### DESCRIPTION OF THE TASK
Retype the material below exactly, from its first line through the line with "EcoFriendlyMaterial Yardsale Daze"; the pictures stay out.

### PROVIDED DATA

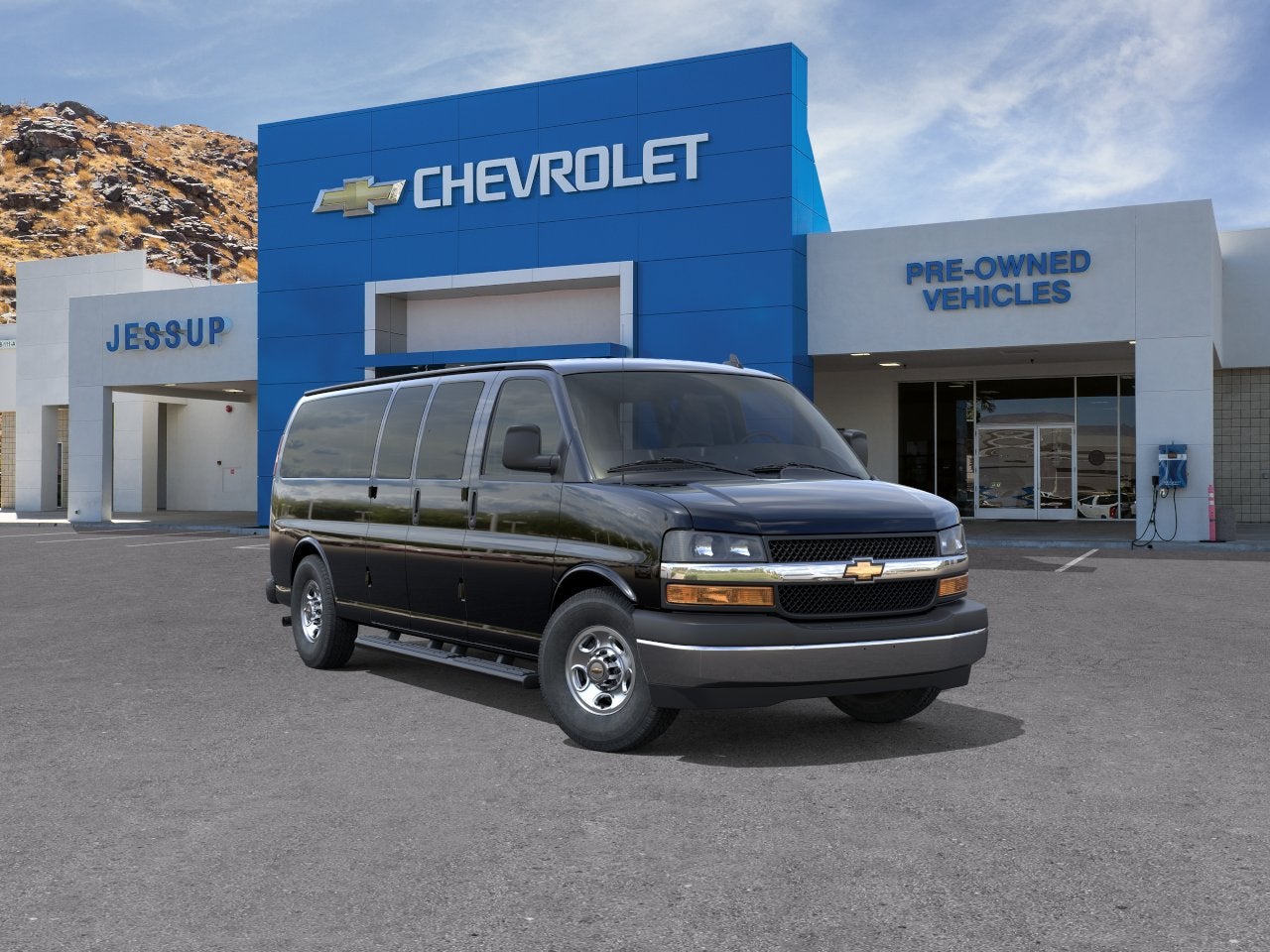 2026 Chevrolet Express Passenger 1LT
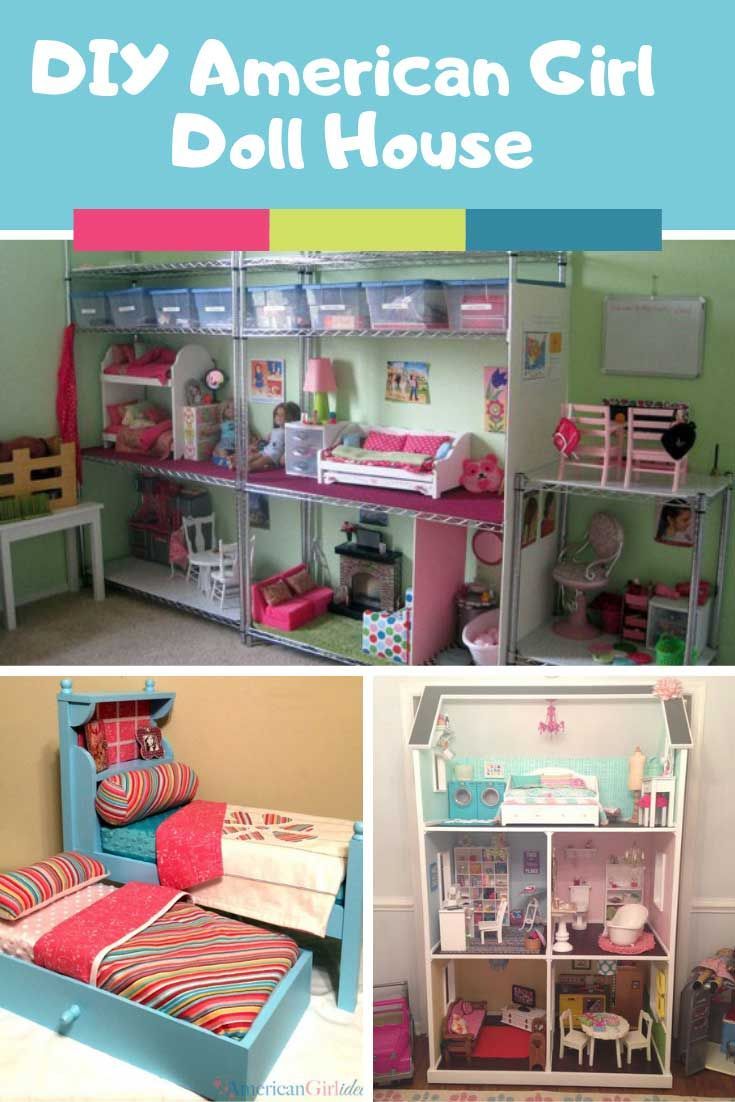 30 DIY American Girl Furniture Projects You Need to See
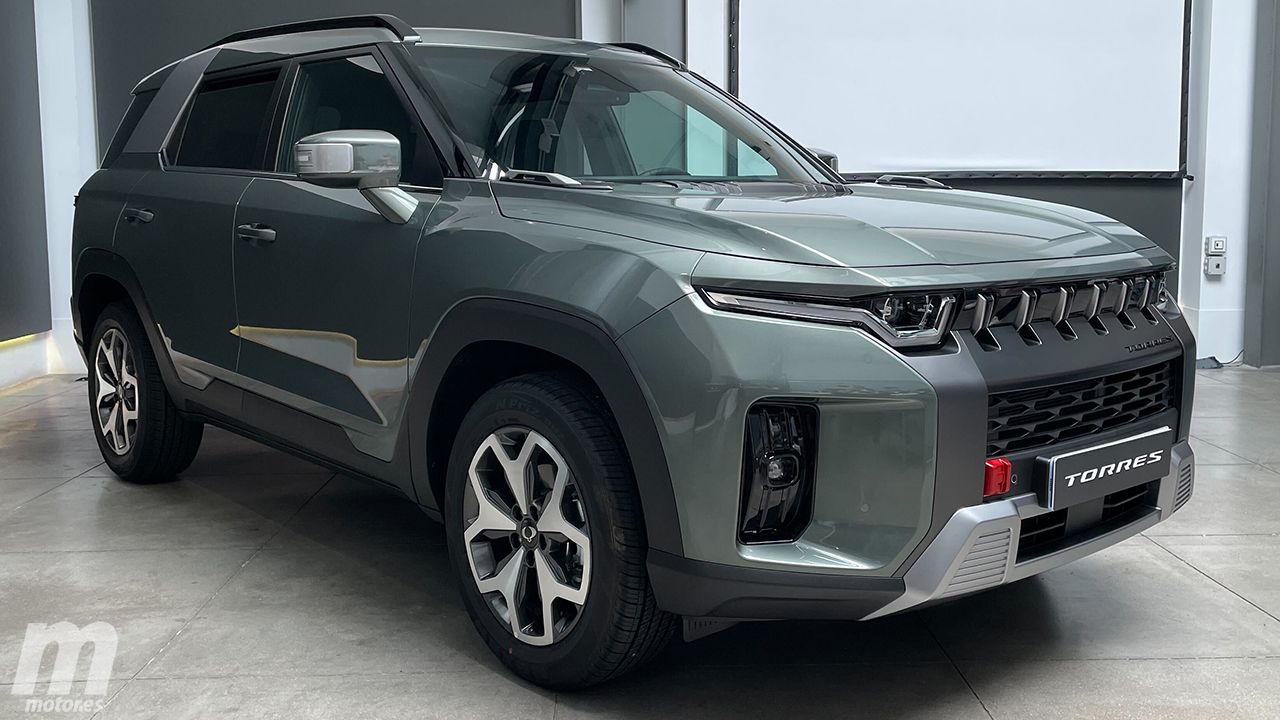 El nuevo SsangYong Torres ya tiene precio en España, llega el «hermano mayor» del Korando con etiqueta ECO y una futura versión eléctrica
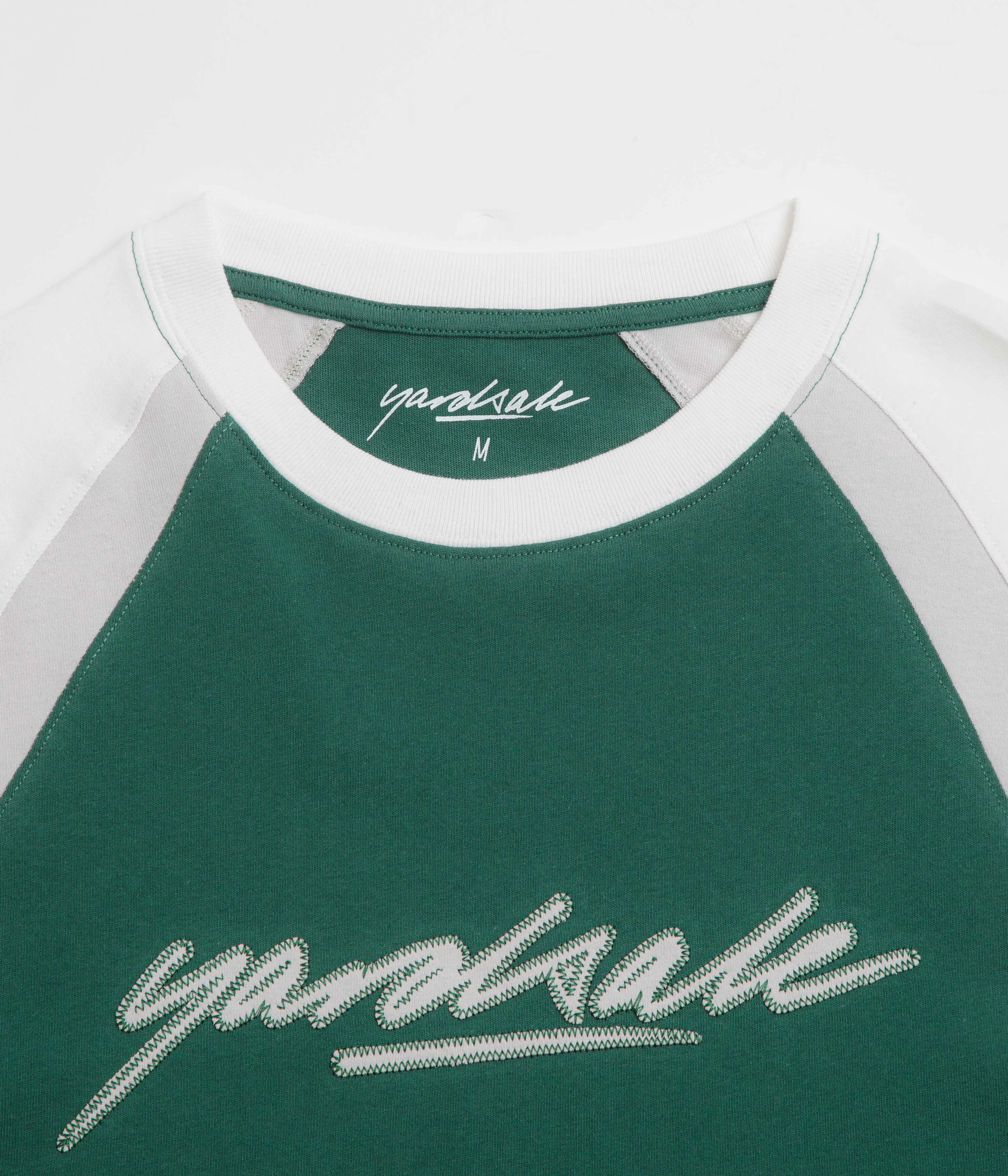 EcoFriendlyMaterial Yardsale Daze T-Shirt - Green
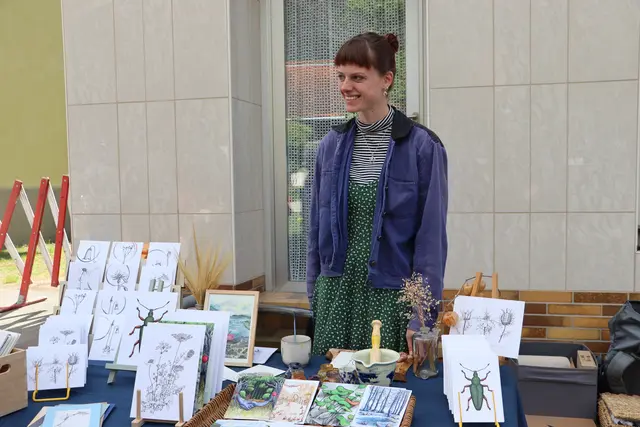 Künstlerisch gestaltete Karten | Foto: Monika Hammerl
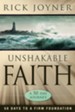 Unshakable Faith: 50 Days to a Firm Foundation: A 50-Day Journey - eBook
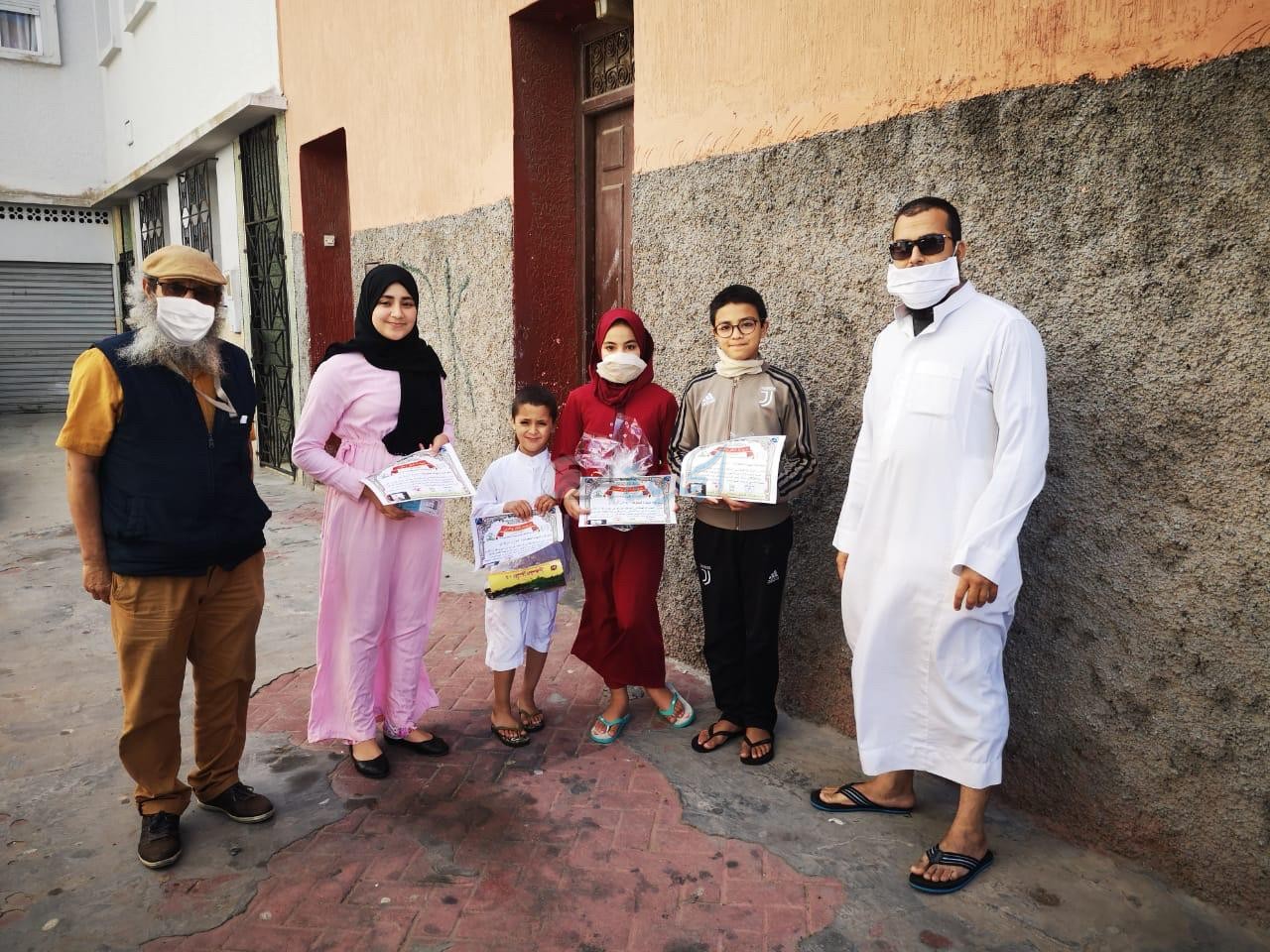 إسدال الستار على فعاليات النسخة الخامسة للمسابقة القرآنية عن بعد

### ANSWER SPACE
 2026 Chevrolet Express Passenger 1LT
 30 DIY American Girl Furniture Projects You Need to See
 El nuevo SsangYong Torres ya tiene precio en España, llega el «hermano mayor» del Korando con etiqueta ECO y una futura versión eléctrica
 EcoFriendlyMaterial Yardsale Daze T-Shirt - Green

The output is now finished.